──────── The data

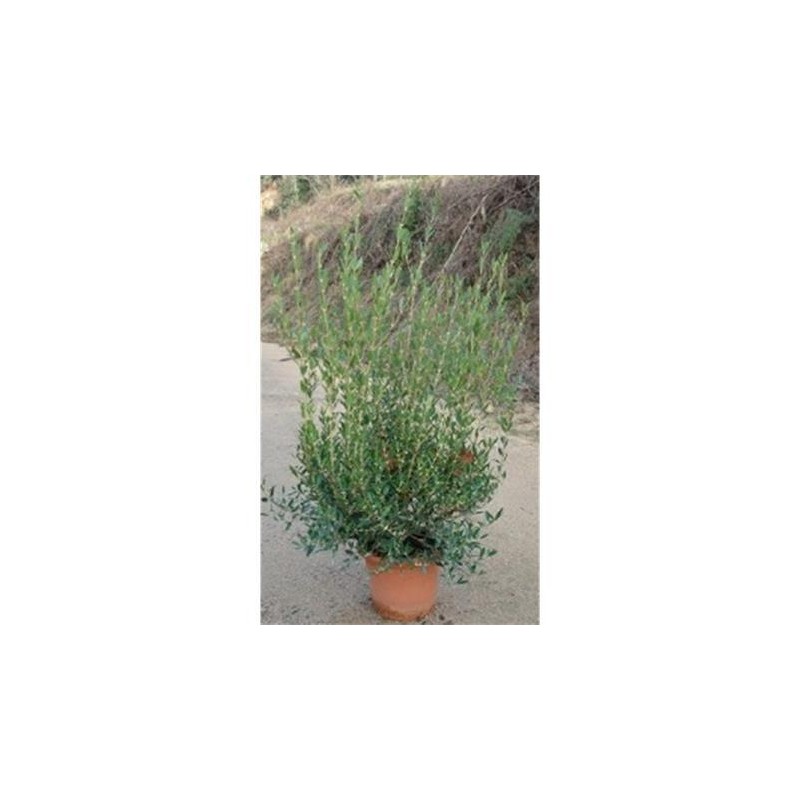 PHYAN 10L Alt.60/80 E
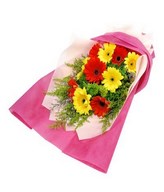 10 Stalks Mix Colour Gerbera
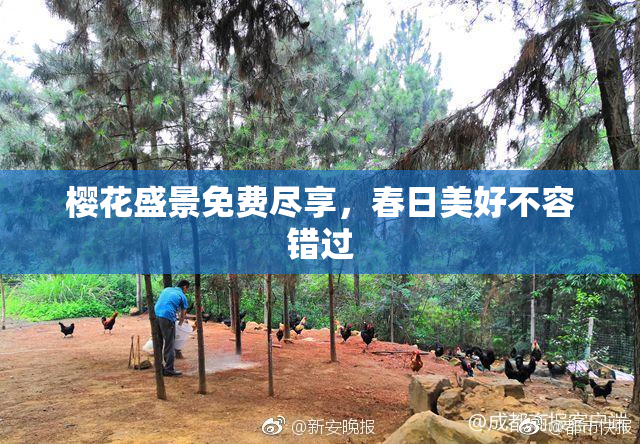 樱花盛景免费尽享，春日美好不容错过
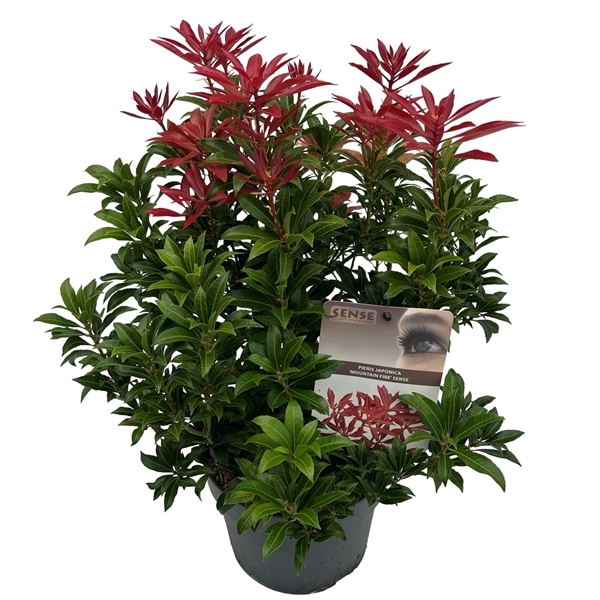 Pieris japonica Mountain Fire 19Ø 40cm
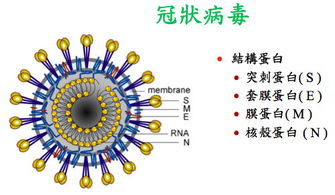 抗MERS有望 兴大侯明宏团队开发新药 AM1 有成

────────────────

Problem:
Which lines run from the one containing "Pieris japonica Mountain Fire 19Ø 40cm" to the end of the entries above? Write them out exactly, leaving out every picture.

Written answer:
 Pieris japonica Mountain Fire 19Ø 40cm
 抗MERS有望 兴大侯明宏团队开发新药 AM1 有成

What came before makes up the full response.